» Collection entries:
◆ ◆ ◆
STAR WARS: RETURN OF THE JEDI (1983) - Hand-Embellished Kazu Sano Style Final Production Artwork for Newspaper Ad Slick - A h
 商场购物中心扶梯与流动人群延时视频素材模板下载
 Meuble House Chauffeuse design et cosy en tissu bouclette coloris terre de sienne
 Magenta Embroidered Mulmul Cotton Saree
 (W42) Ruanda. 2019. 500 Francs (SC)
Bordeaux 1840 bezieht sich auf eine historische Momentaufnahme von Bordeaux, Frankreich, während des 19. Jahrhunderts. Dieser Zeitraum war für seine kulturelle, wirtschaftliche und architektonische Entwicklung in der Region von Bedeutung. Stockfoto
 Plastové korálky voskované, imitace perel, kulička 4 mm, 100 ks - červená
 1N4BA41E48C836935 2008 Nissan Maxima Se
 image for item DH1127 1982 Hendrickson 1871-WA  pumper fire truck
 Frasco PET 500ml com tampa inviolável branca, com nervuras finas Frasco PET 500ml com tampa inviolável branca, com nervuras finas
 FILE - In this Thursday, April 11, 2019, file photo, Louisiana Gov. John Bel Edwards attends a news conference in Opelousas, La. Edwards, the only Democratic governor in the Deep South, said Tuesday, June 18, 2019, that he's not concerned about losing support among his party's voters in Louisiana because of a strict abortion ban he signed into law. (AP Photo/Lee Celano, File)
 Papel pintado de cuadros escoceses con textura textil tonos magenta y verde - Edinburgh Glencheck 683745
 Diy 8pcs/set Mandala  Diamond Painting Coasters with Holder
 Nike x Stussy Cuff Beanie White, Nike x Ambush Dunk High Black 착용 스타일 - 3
◆ ◆ ◆
» EXERCISE REQUIREMENTS:
The entries shown above must be reproduced in full, exactly as written.

» ANSWER TO THIS TASK:
STAR WARS: RETURN OF THE JEDI (1983) - Hand-Embellished Kazu Sano Style Final Production Artwork for Newspaper Ad Slick - A h
 商场购物中心扶梯与流动人群延时视频素材模板下载
 Meuble House Chauffeuse design et cosy en tissu bouclette coloris terre de sienne
 Magenta Embroidered Mulmul Cotton Saree
 (W42) Ruanda. 2019. 500 Francs (SC)
Bordeaux 1840 bezieht sich auf eine historische Momentaufnahme von Bordeaux, Frankreich, während des 19. Jahrhunderts. Dieser Zeitraum war für seine kulturelle, wirtschaftliche und architektonische Entwicklung in der Region von Bedeutung. Stockfoto
 Plastové korálky voskované, imitace perel, kulička 4 mm, 100 ks - červená
 1N4BA41E48C836935 2008 Nissan Maxima Se
 image for item DH1127 1982 Hendrickson 1871-WA  pumper fire truck
 Frasco PET 500ml com tampa inviolável branca, com nervuras finas Frasco PET 500ml com tampa inviolável branca, com nervuras finas
 FILE - In this Thursday, April 11, 2019, file photo, Louisiana Gov. John Bel Edwards attends a news conference in Opelousas, La. Edwards, the only Democratic governor in the Deep South, said Tuesday, June 18, 2019, that he's not concerned about losing support among his party's voters in Louisiana because of a strict abortion ban he signed into law. (AP Photo/Lee Celano, File)
 Papel pintado de cuadros escoceses con textura textil tonos magenta y verde - Edinburgh Glencheck 683745
 Diy 8pcs/set Mandala  Diamond Painting Coasters with Holder
 Nike x Stussy Cuff Beanie White, Nike x Ambush Dunk High Black 착용 스타일 - 3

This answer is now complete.